Rant about Black Widow
So I saw the avengers tonight. Finally. I know, I’m mad late on this shit. but anyway
Over the last few weeks I’ve been seeing all of these posts on tumblr about how Natasha Romanoff A.K.A. Black Widow is this great female super hero and “Rely on a man to save the day? Hell no!” over a picture of Scarlett Johanson. Maybe it’s just a common feminist mentality to take something that looks hopeful and take it WAAAAY too far (no offense to any feminists that DON’T do this and are actually logical human beings - but you have feminists on your team that are a little bit entirely insane), but Black Widow DEFINITELY was not a good example of someone who doesnt need a man to save the day. In AT LEAST half the fight scenes she was in, her ass got saved by a man! And don’t get me wrong. GOD BLESS Black Widow in this movie. Beautiful, funny, sexy attitude, and can fight. TOTALLY kick ass super hero. Not to mention, she wore that tight leather suit and the camera just happened to pan on her ass half the time. She was awesome. But please, ladies…understand something. Just because you see a woman on screen doing some of the same things men do all the time (including but not limited to: beating the shit out of men), don’t immediately support it with everything you have…the fact that she needed men in half the scenes literally goes against everything you guys fight for towards equality…hmm…actually…forget I said it. Continue as you were. ;-) haha
I’m reblogging this against my better judgement not because your level of discourse really has me “queefing” but because in between the deep thoughts you’ve decided to share with the internet re: all the feminism you just learned by staring at Scarlett Johansson’s (actually not leather-clad) ass and how stop the presses there are women out there looking to feel empowered by fiction and that is a step too far— there’s an idea here that some good could come from unraveling.

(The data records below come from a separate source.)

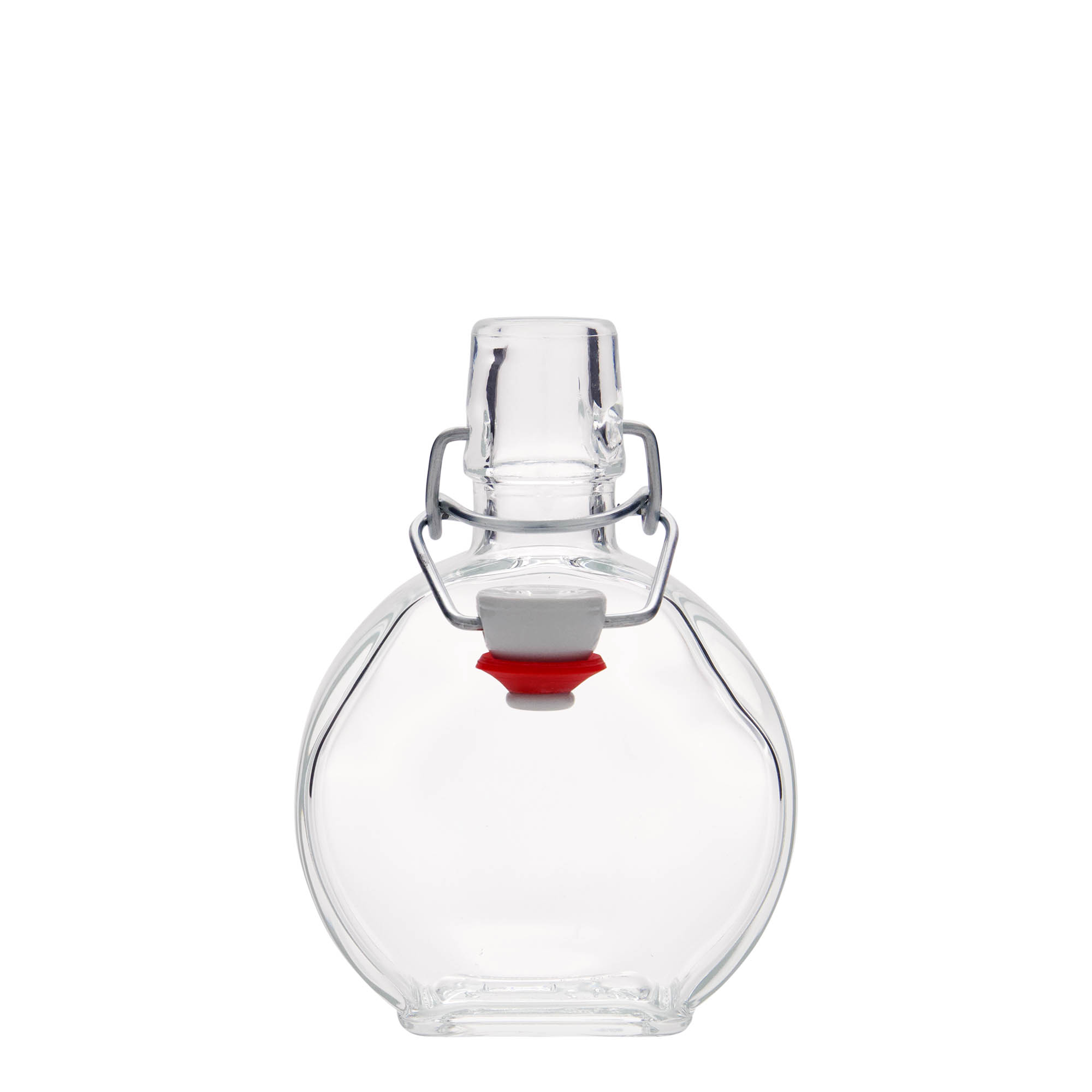 200 ml staklena boca 'Sensatione', pravougaona, otvor: zatvarač sa kopčom 200 ml staklena boca 'Sensatione', pravougaona, otvor: zatvarač sa kopčom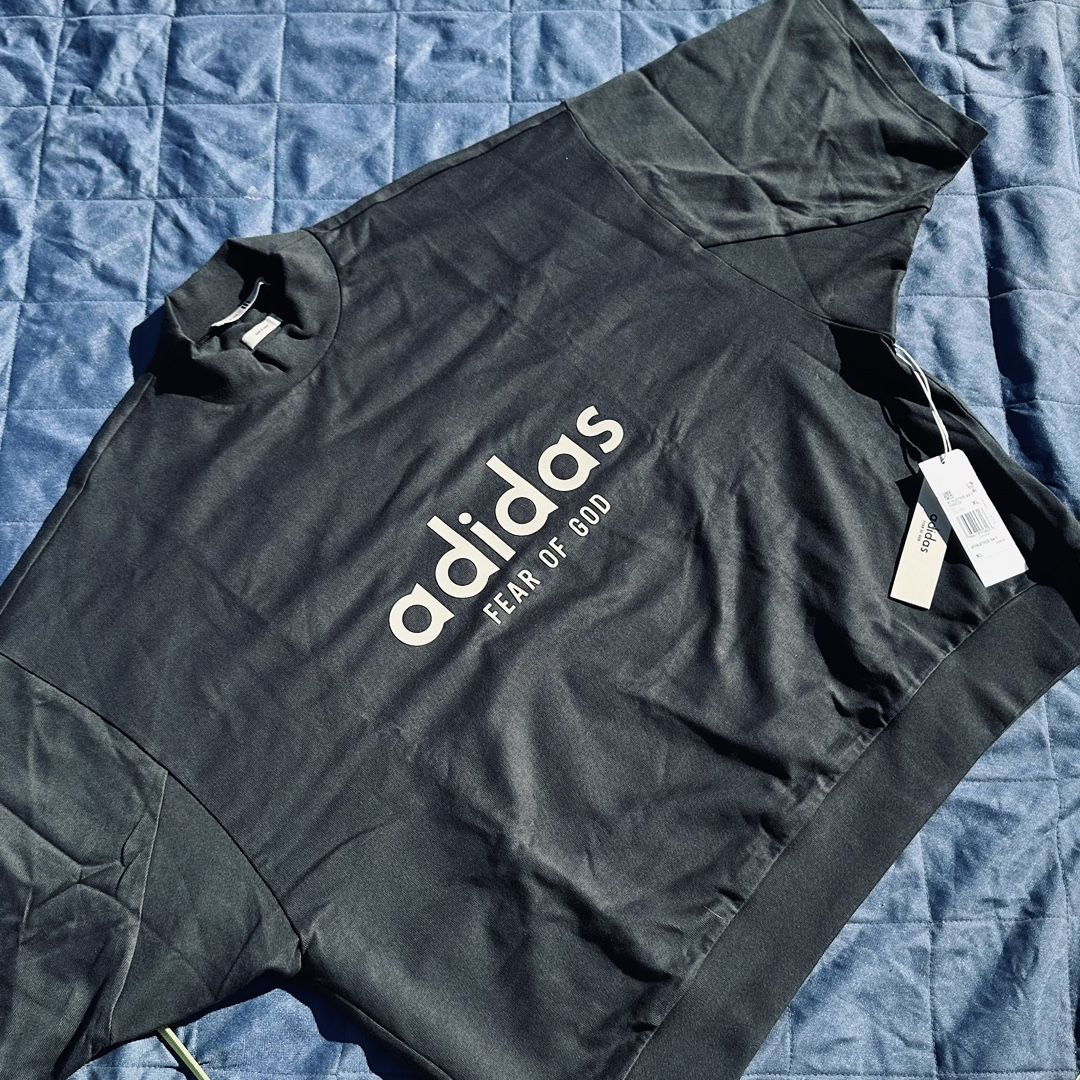 Fear Of God Adidas HEAVY JERSEY 3/4 MOCK TEE - NEW Size XL for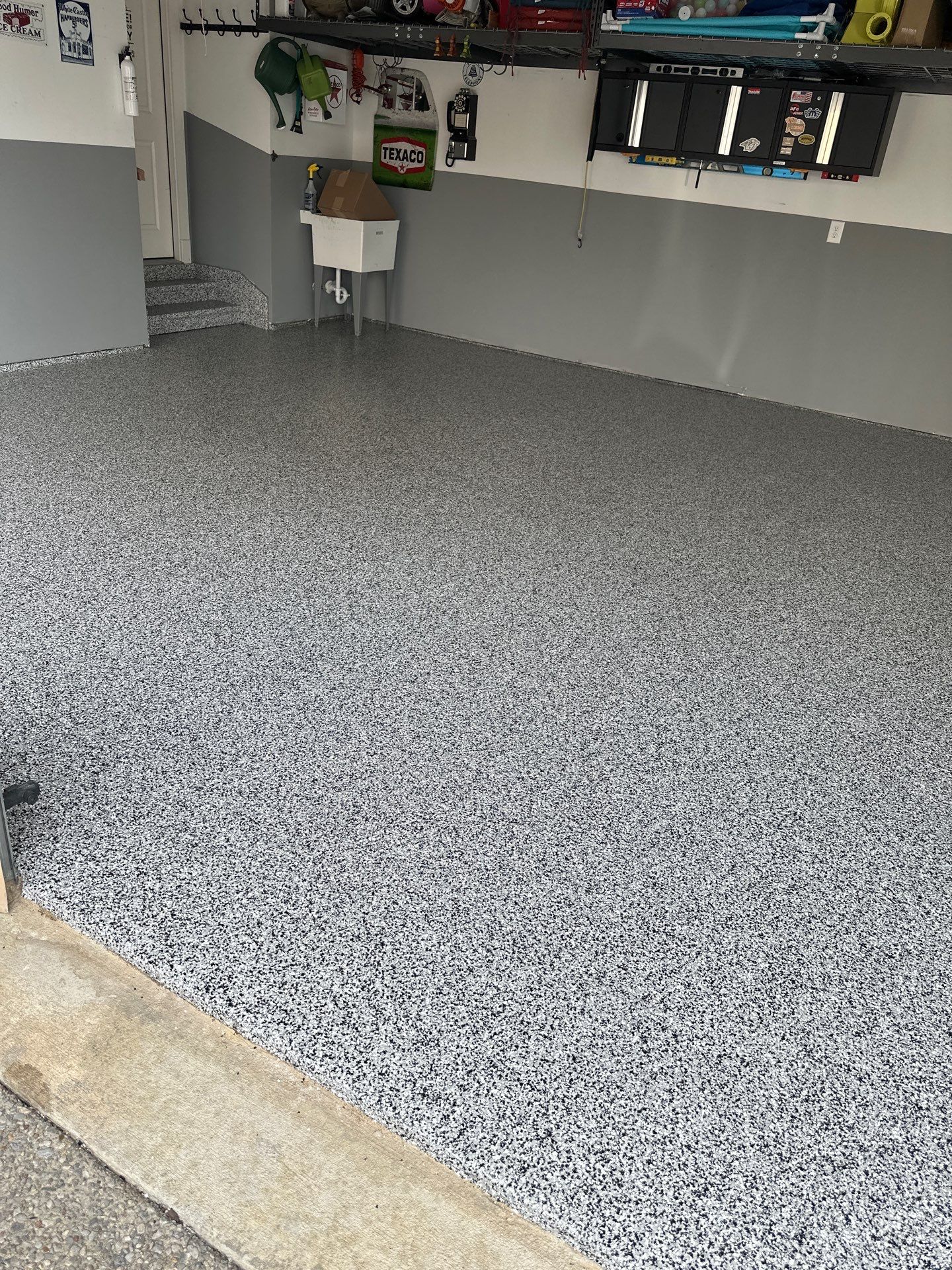 Garage Floor Coating using Silverton by My Garage Floor Guys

So. The spandex-and-capes thing is a lot about the triumph of individual valor over the ordinary (something the Avengers movie dealt with a lot, in between the ass shots)— but not at the cost of teamwork. Heroes that cannot be humbled cease to be heroes. Saving the world is a reciprocal business, and the whole esprit de corps thing the film builds up to suggests that Avenging is one part having everyone else’s back and one part trusting that they have yours.
That’s why it’s not actually a knock on Natasha’s feminist credentials that like, Captain America helped launch her onto a flying evil alien jetski. Feminist narratives aren’t actually defined by the absence of good men— they aren’t defined by men, or the lack of them, at all.
Natasha can function as part of a team without giving up any of her self-determination. Look, I know you just kind of made up that “Rely on a man to save the day? Hell no!” line to point and laugh at it, but it’s actually not wrong. Natasha doesn’t sit back and wait for the world to burn, she involves herself on the front lines for her own reasons, even though it goes against everything a life’s worth of training has burned into her nerves. That is her specific heroism, and she takes it, and it doesn’t disappear when in a 40ft radius of the Hawkeye/Thor gunshow.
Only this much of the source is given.